Nabil Abdellatif, président d’honneur de l’Ordre des experts comptables de Tunisie , est revenu sur les répercussions des augmentations salariales, dont l’accord a récemment été signé entre l’UGTT et l’UTICA, sur les entreprises.
Nabil Abdellatif affirme que si l’augmentation salariale n’est pas accompagnée d’une augmentation de la production, cela se transforme en une source d’inflation, comme ce fut le cas en 2011. Par contre, si l’inflation est maitrisée, l’augmentation devient bénéfique car elle contribuera à l’amélioration du pouvoir d’achat et augmentera la consommation estime-t-il.
Revenant sur la situation actuelle, Nabil Abdellatif a indiqué que le pays passe par une période de sous-production et que les TPE et PME souffrent de problèmes de financement, notamment du financement de l’exploitation (besoin en fonds de roulement), et surtout de ravitaillement en matière première.
Dans le même contexte, notre interlocuteur a indiqué que beaucoup d’importance a été accordée à ces négociations sociales, parce qu’il s’agit de la dernière année où la convention générale sera négociée, car à partir de l’année prochaine les négociations se feront d’une façon sectorielle.
Répondant à notre question sur les répercussions des augmentations salariales sur les entreprises, il a estimé que tout dépend des entreprises. En effet, certaines entreprises peuvent augmenter au-delà de 6% alors que pour d’autres le taux touche leurs marges bénéficiaires. « Les PME et TPE dont la marge de bénéfices est faible se trouveront obligées d’augmenter les prix, ce qui touchera le pouvoir d’achat du consommateur », regrette-t-il.
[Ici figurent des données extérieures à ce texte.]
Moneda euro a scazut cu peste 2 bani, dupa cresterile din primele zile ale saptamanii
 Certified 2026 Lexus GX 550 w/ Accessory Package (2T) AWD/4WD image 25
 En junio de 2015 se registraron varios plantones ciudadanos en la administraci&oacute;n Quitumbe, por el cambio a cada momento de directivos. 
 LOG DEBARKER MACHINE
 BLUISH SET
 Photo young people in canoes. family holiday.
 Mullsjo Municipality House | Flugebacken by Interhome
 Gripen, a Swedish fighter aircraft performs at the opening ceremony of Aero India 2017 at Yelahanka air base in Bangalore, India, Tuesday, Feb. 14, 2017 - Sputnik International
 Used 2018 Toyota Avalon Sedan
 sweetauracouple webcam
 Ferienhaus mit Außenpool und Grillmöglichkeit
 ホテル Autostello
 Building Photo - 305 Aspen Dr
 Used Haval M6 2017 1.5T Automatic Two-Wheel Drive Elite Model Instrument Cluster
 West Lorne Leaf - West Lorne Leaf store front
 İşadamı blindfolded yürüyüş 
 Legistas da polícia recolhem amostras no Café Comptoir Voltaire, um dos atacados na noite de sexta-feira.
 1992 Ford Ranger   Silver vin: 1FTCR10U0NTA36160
Par ailleurs, il a indiqué que l’impact des augmentations sera plus important sur les entreprises ayant une forte masse salariale, et cela se répercutera sur la prestation qu’elles assurent. Ainsi, « les entreprises exportatrices ne devraient être très impactées, contrairement à celles des secteurs textile et touristique », estime-t-il.
Commentant le taux d’augmentation global de 6%, le spécialiste a indiqué que « ce taux correspond plus ou moins au taux d’inflation qui était le premier paramètre, lors des négociations sociales. En Tunisie, on ne traite pas le taux d’inflation par région, sachant que le taux d’inflation dans les régions de l’intérieur est moins important que celui des autres villes ». Et d’ajouter « c’est un grand problème lors du calcul du taux d’inflation, parce que le panier ménager est différent d’une ville à l’autre. Il est temps de considérer le taux d’inflation par région », recommande-t-il.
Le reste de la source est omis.